-- WORK ITEM --
When you find the line with "Queen Size Wooden" among the records below, reproduce it and each line after it exactly, ending with the line with "Happy Easter Holiday".

====== DATA TO EXAMINE

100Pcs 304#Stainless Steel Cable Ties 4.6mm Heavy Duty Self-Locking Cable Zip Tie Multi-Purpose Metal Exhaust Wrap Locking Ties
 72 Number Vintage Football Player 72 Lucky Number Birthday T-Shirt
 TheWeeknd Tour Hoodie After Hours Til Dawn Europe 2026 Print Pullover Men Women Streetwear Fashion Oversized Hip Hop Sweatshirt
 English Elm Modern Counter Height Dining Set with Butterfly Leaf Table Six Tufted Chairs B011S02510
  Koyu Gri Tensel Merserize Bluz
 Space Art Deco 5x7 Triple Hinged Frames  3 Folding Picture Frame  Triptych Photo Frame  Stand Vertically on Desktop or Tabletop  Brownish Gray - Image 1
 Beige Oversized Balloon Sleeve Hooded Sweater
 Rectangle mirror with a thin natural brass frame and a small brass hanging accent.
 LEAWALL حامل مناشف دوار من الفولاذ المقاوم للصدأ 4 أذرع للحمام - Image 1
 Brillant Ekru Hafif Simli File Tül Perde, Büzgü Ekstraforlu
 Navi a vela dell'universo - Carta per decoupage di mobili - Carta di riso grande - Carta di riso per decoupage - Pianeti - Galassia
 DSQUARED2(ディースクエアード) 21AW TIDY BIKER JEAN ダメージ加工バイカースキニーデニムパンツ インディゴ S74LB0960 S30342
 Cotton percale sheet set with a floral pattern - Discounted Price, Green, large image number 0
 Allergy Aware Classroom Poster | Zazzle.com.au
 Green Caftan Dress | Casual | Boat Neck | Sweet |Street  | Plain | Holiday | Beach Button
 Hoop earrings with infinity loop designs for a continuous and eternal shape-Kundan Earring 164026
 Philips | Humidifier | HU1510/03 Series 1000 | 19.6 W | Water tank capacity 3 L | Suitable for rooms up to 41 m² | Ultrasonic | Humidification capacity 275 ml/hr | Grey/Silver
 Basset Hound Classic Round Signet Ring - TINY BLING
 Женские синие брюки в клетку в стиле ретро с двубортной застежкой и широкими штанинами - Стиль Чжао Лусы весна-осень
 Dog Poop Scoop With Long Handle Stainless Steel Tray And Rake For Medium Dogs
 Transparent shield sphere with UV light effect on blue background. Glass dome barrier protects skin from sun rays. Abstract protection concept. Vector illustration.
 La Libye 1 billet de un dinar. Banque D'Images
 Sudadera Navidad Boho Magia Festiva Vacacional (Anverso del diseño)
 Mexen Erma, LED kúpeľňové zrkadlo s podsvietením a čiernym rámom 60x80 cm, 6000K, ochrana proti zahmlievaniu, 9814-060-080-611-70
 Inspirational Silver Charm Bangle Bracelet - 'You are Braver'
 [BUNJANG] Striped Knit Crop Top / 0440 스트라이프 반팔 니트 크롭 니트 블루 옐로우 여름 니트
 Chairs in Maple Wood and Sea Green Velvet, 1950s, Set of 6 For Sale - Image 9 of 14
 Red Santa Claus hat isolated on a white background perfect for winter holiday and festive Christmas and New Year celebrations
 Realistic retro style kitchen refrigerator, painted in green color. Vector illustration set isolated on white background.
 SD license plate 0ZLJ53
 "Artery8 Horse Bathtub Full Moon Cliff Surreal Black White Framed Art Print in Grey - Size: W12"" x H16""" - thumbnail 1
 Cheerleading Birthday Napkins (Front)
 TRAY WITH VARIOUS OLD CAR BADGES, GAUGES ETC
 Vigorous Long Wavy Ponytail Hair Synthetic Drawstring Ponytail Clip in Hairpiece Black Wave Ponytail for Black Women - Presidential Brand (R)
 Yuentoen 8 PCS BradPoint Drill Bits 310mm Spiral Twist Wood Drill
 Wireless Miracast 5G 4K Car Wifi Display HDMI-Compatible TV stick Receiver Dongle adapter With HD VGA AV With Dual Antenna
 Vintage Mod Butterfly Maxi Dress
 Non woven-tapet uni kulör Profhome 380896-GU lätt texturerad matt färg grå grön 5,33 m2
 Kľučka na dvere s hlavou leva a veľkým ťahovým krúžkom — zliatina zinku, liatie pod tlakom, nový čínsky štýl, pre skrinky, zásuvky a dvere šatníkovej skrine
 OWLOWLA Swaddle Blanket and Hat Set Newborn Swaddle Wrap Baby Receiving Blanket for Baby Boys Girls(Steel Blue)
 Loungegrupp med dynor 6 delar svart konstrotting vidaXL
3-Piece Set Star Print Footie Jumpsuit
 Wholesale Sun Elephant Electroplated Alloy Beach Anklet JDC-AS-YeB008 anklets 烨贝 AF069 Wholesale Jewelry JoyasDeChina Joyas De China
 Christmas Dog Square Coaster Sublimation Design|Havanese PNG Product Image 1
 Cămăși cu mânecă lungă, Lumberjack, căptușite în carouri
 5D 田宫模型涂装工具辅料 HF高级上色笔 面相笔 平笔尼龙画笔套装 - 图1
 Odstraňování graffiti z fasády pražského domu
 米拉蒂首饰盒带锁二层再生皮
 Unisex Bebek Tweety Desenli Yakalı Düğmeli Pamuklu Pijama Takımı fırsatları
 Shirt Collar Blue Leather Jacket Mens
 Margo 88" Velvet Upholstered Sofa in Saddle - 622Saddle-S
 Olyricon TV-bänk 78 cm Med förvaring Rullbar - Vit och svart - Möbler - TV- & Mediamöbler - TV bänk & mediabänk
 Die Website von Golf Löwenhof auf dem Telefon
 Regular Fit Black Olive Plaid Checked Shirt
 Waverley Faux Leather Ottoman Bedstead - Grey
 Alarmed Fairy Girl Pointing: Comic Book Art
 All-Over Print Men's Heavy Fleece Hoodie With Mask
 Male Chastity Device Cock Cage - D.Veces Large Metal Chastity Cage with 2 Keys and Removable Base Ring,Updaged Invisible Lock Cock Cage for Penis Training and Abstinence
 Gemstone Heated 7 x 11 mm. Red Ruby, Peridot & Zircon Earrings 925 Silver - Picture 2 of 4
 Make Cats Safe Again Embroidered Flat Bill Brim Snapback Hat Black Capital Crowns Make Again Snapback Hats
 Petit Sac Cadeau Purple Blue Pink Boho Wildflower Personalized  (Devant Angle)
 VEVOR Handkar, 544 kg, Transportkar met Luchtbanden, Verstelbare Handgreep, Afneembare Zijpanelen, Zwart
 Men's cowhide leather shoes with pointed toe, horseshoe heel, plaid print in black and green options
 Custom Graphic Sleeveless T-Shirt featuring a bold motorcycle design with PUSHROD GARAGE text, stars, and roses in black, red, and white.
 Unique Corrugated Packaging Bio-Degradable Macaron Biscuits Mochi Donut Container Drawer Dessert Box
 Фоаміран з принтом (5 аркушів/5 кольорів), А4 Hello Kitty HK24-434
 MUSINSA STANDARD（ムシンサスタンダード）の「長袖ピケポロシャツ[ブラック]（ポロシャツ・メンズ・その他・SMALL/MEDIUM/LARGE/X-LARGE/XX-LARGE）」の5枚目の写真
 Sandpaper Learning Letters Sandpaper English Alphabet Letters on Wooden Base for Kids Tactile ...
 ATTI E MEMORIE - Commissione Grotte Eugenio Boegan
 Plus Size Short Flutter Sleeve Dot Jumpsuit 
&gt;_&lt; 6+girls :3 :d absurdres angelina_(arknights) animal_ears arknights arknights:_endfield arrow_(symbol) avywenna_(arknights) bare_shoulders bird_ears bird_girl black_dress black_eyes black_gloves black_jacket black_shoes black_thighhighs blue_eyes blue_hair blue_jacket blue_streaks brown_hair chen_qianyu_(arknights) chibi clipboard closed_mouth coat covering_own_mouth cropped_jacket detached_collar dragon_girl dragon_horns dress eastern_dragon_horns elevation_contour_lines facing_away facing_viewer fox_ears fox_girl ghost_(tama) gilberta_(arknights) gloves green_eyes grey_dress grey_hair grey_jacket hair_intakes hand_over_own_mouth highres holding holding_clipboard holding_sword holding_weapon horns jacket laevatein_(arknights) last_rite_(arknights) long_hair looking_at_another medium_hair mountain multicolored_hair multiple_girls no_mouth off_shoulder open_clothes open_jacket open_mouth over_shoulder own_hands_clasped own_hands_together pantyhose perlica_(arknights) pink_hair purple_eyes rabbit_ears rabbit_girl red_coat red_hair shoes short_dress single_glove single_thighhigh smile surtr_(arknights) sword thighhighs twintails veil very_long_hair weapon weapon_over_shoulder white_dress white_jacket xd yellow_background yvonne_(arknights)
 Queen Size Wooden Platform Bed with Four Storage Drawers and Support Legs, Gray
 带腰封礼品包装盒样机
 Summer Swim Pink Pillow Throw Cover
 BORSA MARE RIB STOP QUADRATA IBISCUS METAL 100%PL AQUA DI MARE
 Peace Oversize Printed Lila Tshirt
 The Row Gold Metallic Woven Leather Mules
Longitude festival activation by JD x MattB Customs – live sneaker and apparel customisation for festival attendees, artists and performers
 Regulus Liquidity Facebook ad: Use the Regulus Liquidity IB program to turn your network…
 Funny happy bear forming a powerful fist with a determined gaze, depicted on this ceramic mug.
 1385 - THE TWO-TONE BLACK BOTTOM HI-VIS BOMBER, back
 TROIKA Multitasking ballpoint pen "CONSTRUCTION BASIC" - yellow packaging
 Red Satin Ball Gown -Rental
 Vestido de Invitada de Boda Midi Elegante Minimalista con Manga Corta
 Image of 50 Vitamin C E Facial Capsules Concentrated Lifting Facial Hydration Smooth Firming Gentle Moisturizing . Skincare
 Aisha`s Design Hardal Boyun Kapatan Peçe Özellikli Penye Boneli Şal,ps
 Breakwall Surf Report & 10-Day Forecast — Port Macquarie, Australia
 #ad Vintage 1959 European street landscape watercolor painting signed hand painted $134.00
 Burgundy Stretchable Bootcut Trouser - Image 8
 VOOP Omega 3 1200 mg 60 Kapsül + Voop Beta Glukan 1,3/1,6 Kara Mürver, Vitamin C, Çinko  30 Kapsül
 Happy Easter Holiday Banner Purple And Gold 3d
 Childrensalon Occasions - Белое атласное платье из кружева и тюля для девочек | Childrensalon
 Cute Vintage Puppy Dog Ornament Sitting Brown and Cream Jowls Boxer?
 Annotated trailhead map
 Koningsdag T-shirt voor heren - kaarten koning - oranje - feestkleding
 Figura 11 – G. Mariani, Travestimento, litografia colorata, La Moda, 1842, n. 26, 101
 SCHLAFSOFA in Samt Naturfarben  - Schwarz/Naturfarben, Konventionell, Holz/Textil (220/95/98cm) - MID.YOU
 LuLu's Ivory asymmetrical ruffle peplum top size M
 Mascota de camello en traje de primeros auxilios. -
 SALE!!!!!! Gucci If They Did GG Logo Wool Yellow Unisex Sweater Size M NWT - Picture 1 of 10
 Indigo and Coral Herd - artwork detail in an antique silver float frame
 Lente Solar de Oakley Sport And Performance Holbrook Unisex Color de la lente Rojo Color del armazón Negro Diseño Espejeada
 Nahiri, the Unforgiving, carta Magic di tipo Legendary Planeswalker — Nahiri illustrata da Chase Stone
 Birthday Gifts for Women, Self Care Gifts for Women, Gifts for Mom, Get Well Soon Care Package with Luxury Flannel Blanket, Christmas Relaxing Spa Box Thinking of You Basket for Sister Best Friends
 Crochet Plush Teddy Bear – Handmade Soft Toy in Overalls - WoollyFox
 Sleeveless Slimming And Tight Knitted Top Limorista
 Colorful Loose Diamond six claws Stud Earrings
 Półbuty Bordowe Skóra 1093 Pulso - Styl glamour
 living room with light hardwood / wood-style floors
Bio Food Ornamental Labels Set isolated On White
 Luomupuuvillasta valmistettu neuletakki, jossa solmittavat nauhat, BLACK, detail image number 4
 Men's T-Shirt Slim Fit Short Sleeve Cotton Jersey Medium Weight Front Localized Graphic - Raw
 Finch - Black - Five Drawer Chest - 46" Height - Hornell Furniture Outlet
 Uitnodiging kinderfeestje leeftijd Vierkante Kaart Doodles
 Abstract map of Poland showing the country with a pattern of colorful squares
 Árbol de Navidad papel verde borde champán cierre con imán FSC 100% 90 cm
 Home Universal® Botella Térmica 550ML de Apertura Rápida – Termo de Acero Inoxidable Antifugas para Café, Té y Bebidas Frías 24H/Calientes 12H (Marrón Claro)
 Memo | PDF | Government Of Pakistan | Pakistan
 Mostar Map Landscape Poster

============

-- RESPONSE TO THIS EXERCISE --
 Queen Size Wooden Platform Bed with Four Storage Drawers and Support Legs, Gray
 带腰封礼品包装盒样机
 Summer Swim Pink Pillow Throw Cover
 BORSA MARE RIB STOP QUADRATA IBISCUS METAL 100%PL AQUA DI MARE
 Peace Oversize Printed Lila Tshirt
 The Row Gold Metallic Woven Leather Mules
Longitude festival activation by JD x MattB Customs – live sneaker and apparel customisation for festival attendees, artists and performers
 Regulus Liquidity Facebook ad: Use the Regulus Liquidity IB program to turn your network…
 Funny happy bear forming a powerful fist with a determined gaze, depicted on this ceramic mug.
 1385 - THE TWO-TONE BLACK BOTTOM HI-VIS BOMBER, back
 TROIKA Multitasking ballpoint pen "CONSTRUCTION BASIC" - yellow packaging
 Red Satin Ball Gown -Rental
 Vestido de Invitada de Boda Midi Elegante Minimalista con Manga Corta
 Image of 50 Vitamin C E Facial Capsules Concentrated Lifting Facial Hydration Smooth Firming Gentle Moisturizing . Skincare
 Aisha`s Design Hardal Boyun Kapatan Peçe Özellikli Penye Boneli Şal,ps
 Breakwall Surf Report & 10-Day Forecast — Port Macquarie, Australia
 #ad Vintage 1959 European street landscape watercolor painting signed hand painted $134.00
 Burgundy Stretchable Bootcut Trouser - Image 8
 VOOP Omega 3 1200 mg 60 Kapsül + Voop Beta Glukan 1,3/1,6 Kara Mürver, Vitamin C, Çinko  30 Kapsül
 Happy Easter Holiday Banner Purple And Gold 3d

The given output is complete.